Jeffrey Cummings, director of the Cleveland Clinic Lou Ruvo Center for Brain Health, who presented the crenezumab data at the Alzheimer’s Association International Conference in Copenhagen, said he was encouraged by the consistent benefit seen in the most mild patients.
“It has been very difficult to have any convincing evidence of a treatment effect in Alzheimer’s Disease,” Cummings said. “When you see this kind of consistency across two trials then you would definitely want to advance a drug in a trial that focuses specifically on very mildly affected patients.”

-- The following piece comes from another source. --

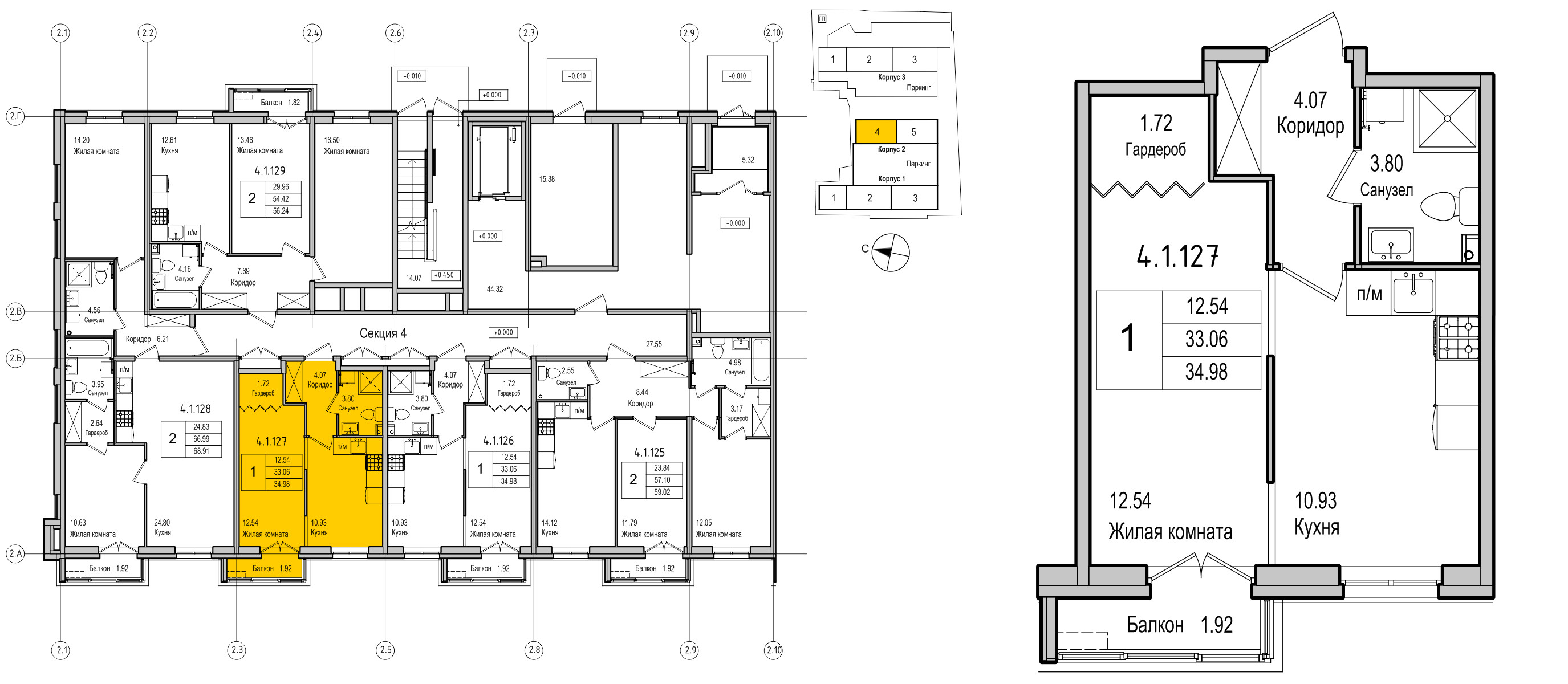 floorplan_image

The drug was well tolerated with only one case of vasogenic edema, a brain swelling side effect seen in similar drugs, allowing crenezumab to be administered at higher doses, Roche said, though patients taking the medicine did have a higher incidence of pneumonia than those on placebo.
At lower doses when crenezumab was administered through an injection beneath the skin no significant benefit was seen even in milder patients, the results revealed.
Alzheimer’s – the most common form of dementia – already afflicts 44 million people worldwide and this figure is set to triple by 2050, according to campaign group Alzheimer’s Disease International.
Unlike heart disease and cancer, which have seen major strides in drug development, no new therapies have been approved to treat Alzheimer’s in a decade, according to a recent study by researchers at the Cleveland Clinic. Current drugs only treat symptoms despite years of research.
A startling 99.6 percent of clinical trials in Alzheimer’s failed between 2002 and 2012, the Cleveland Clinic study found.